Short text fragments from websites:

■ ■ ■ ■ ■ ■ ■

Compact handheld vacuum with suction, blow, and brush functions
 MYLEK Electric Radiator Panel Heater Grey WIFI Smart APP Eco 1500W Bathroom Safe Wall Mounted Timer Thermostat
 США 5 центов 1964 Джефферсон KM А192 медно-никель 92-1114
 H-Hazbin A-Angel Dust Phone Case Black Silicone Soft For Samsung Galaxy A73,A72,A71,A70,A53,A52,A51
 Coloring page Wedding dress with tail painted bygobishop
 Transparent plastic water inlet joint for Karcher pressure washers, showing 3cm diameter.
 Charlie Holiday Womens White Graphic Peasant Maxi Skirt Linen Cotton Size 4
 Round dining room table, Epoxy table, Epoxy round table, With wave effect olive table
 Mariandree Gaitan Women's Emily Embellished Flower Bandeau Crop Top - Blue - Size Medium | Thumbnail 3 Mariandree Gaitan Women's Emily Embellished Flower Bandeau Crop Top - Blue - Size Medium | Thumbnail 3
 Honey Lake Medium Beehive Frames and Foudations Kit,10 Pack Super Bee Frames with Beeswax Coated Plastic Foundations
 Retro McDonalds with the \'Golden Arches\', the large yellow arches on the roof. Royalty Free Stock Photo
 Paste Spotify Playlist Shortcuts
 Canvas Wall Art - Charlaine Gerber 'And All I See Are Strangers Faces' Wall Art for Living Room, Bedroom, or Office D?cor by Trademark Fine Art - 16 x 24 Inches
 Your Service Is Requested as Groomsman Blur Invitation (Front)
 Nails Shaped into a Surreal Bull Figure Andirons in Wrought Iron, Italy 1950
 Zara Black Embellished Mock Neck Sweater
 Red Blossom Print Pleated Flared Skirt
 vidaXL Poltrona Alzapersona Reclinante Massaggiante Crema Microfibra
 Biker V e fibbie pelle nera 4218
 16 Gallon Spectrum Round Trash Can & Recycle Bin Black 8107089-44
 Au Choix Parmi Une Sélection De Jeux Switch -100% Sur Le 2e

■ ■ ■ ■ ■ ■ ■

> _WORK INSTRUCTIONS_
A word-for-word copy of the lines above from the one with "Paste Spotify Playlist Shortcuts" through the one with "Nails Shaped into", inclusive, is the only output wanted.

> _EXERCISE SOLUTION_
 Paste Spotify Playlist Shortcuts
 Canvas Wall Art - Charlaine Gerber 'And All I See Are Strangers Faces' Wall Art for Living Room, Bedroom, or Office D?cor by Trademark Fine Art - 16 x 24 Inches
 Your Service Is Requested as Groomsman Blur Invitation (Front)
 Nails Shaped into a Surreal Bull Figure Andirons in Wrought Iron, Italy 1950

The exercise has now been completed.